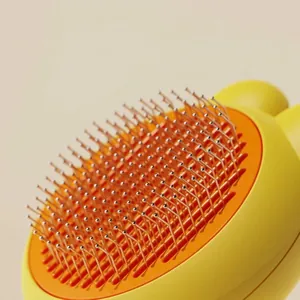 Brosse de toilettage autonettoyante avec oreilles de lapin et picots de massage.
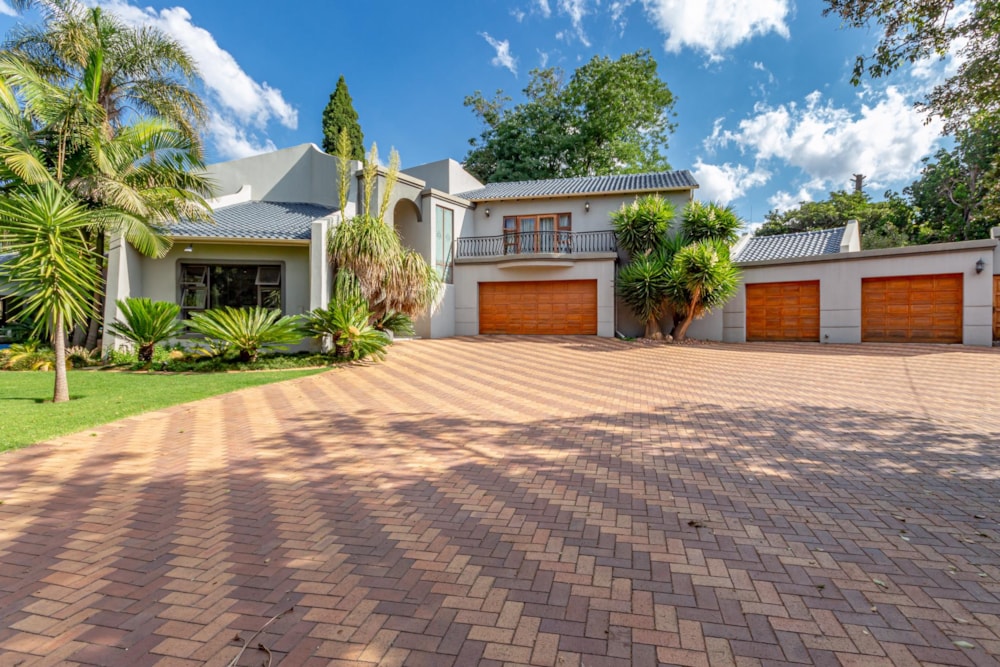 House for sale in Bedfordview - BED1558069 House for sale in Bedfordview - BED1558069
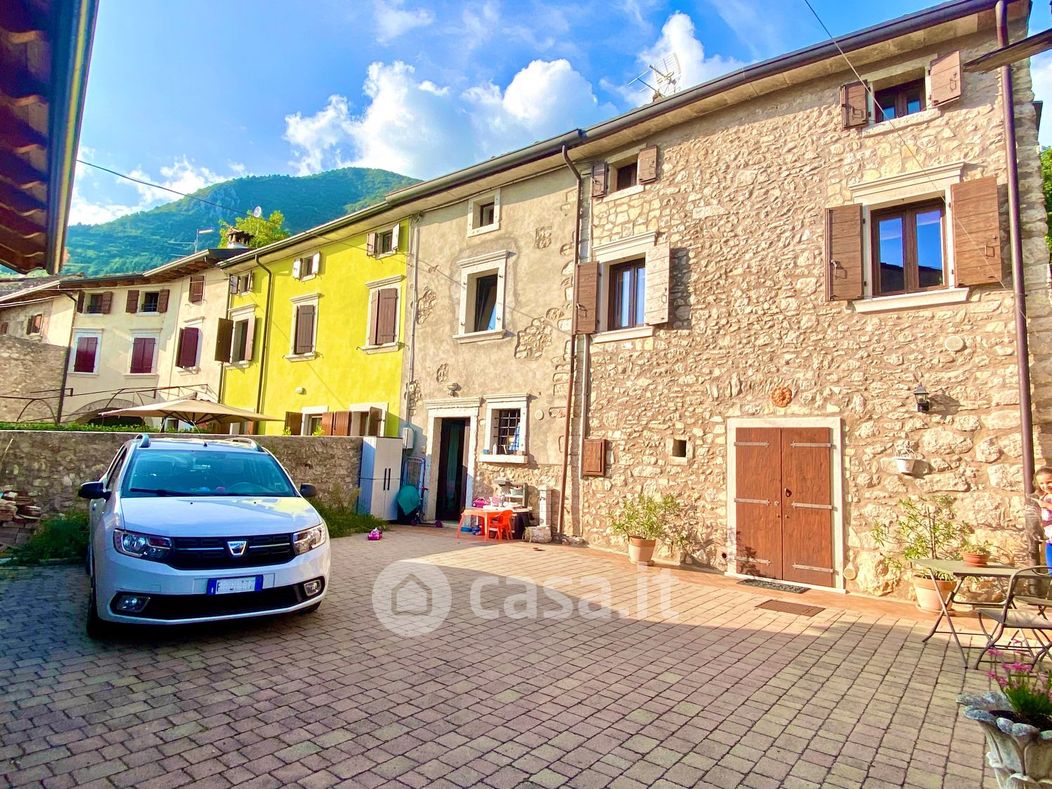 Rustico/Casale in Vendita in Piazza STRINGA a Caprino Veronese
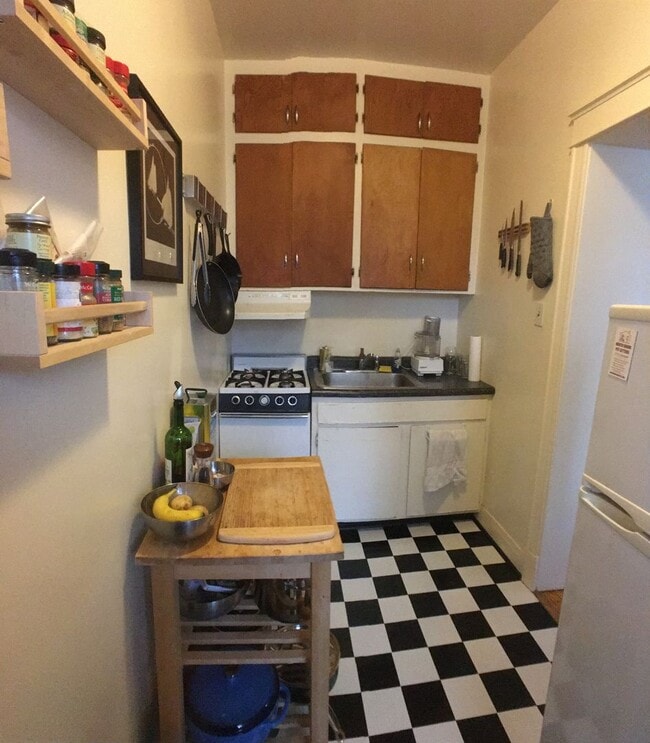 Interior Photo - 5440-42 N Winthrop Ave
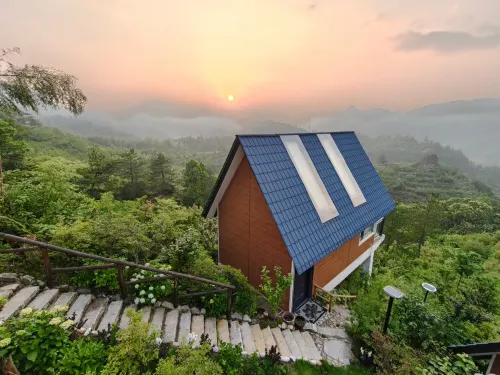Yuexi Lingxi Shengtai Family Farm Homestay - parking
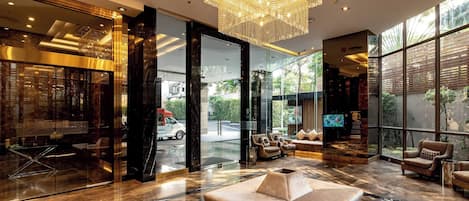Condo, 1 Bedroom, Accessible, Balcony | Lobby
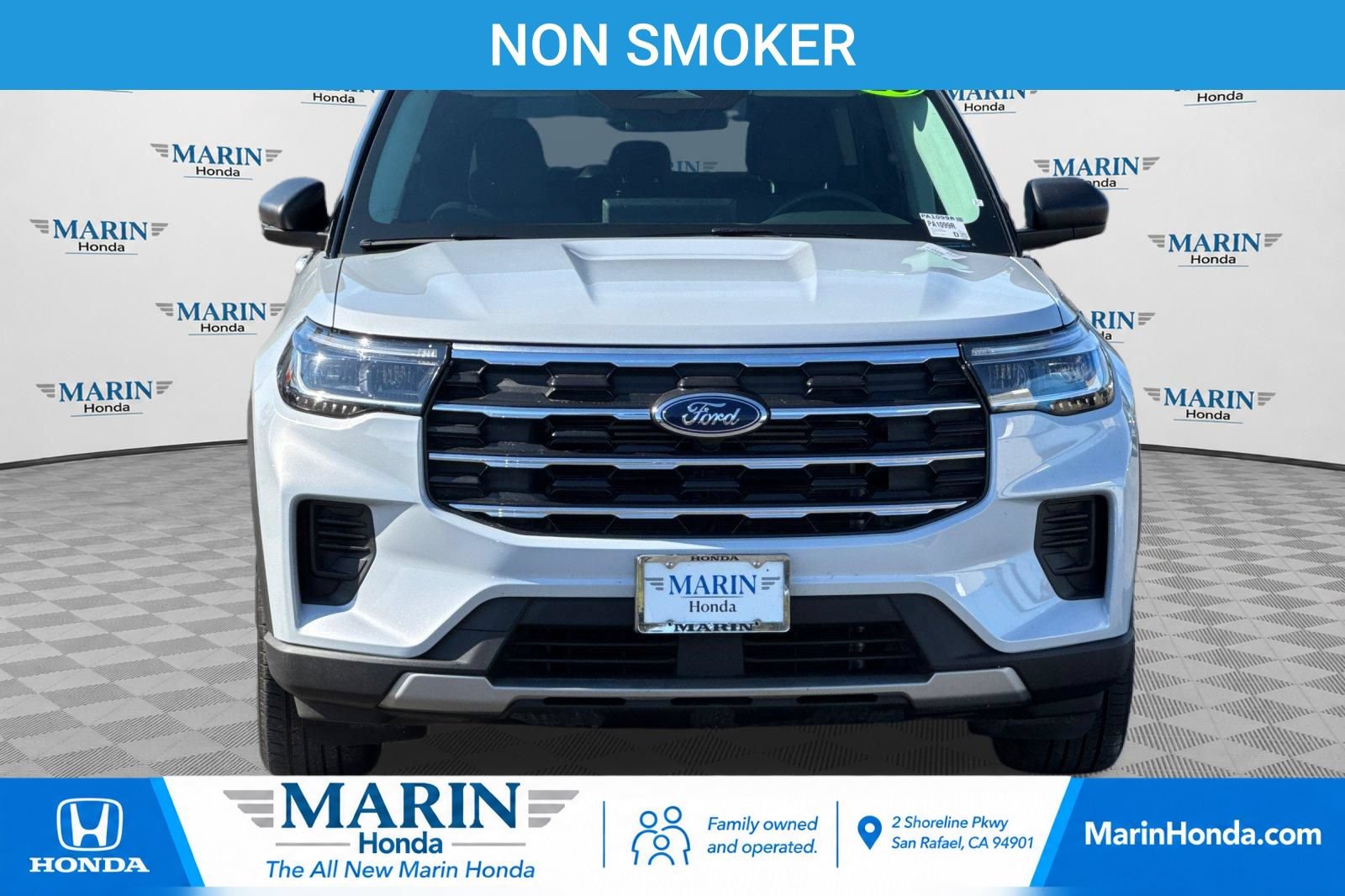 Used 2025 Ford Explorer Active AWD/4WD image 9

****************

What the task asks → Only the pictures are left behind; write out everything else in the records exactly.

Output below →
 Brosse de toilettage autonettoyante avec oreilles de lapin et picots de massage.
 House for sale in Bedfordview - BED1558069 House for sale in Bedfordview - BED1558069
 Rustico/Casale in Vendita in Piazza STRINGA a Caprino Veronese
 Interior Photo - 5440-42 N Winthrop Ave
Yuexi Lingxi Shengtai Family Farm Homestay - parking
Condo, 1 Bedroom, Accessible, Balcony | Lobby
 Used 2025 Ford Explorer Active AWD/4WD image 9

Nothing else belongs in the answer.